A person can’t stay in bed all winter, or nothing would get done around here, and what’s the point of Alaska in the winter if you aren’t in it? What is that line, from a poem by Wallace Stevens and a Canadian folk song I keep humming, how a person must have “a mind for winter”? Real winter is not all dogs on the bed and reading poetry by the fire. (Although that is a perk.) 


It is, as little Madeleine said, loving “winter snow and ice.” And I do and I’m ready to bundle up and head out at least to walk the dogs today. (It’s windy, the harbormaster is asking boat owners to check your lines.)

Tomorrow is the fiftieth anniversary of the craziest, boldest, most Alaskan of events that can only happen in winter – the Alcan 200 snowmachine race from the Alaska Canada border above Haines to the Yukon’s Dezdeash Lake and back on the Haines Highway which closes for the morning.  (Forecast- in Canadian of course:  mix of sun and clouds, north winds to 20 K, and temperatures to minus 18. Risk of frostbite.)Local and visiting snowmachiners speed as fast as they can a hundred miles out and a hundred miles back at about a hundred miles an hour (I’m serious that’s how fast the winners go) with duct tape all over their faces to prevent skin from freezing. It begins at 10 am at about 40-Mile. Watching it is a challenge, there is a bus you can ride, but the best bet is to hear the stories in the bar tonight and at the banquet tomorrow night. You could also ski or ride your machines around near the start and finish at treeline or on the old road, and time it to catch both.There are shorter races and family friendly snowmachine games on Sunday, thanks to the Snowburners snow machine club.

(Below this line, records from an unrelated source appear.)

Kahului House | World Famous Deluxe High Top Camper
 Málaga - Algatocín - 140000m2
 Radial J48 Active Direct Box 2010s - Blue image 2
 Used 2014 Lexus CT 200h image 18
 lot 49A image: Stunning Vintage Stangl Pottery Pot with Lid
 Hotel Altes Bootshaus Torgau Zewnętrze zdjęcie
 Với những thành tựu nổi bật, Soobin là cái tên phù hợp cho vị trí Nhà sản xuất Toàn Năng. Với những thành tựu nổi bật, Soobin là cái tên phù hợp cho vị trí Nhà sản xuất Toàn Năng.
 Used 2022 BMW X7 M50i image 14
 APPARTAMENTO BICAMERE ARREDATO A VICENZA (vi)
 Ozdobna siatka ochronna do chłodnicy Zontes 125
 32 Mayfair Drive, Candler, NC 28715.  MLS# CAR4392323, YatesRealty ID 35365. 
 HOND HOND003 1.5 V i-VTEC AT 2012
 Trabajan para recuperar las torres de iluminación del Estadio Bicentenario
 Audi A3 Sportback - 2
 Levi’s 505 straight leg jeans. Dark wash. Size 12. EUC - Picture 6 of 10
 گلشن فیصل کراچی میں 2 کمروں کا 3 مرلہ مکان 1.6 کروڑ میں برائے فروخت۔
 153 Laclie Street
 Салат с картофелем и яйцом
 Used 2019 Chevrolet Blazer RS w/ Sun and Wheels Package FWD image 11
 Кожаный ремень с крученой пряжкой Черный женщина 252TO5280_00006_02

You’d think that would be enough excitement for one weekend  but there is also the Haines Dolphins’ swim team winter swim meet at the pool, today, tomorrow, and Sunday. Volunteers are still needed. Call the pool or talk to a swim team parent. (Timing is a great way to watch. It’s hot in the pool too, so you can wear shorts and flip-flops and pretend you are in Belize.)

There are home basketball games as well. The Glacier Bear boys play the Wrangell Wolves at 6:00 tonight, and the girls play at 7:30. The JV teams will be playing too, so the gym will be full all weekend.

Also, looking ahead to next weekend, you can still sign up for the Arts Confluence paper mosaic assemblage class with Kelleen Adams. It costs 40.00 dollars and lasts all afternoon on Saturday Feb. 2 at the Chilkat Inlet Retreat. (Just to hang out there is worth it. There is a woodstove in the lodge so it will be warm.)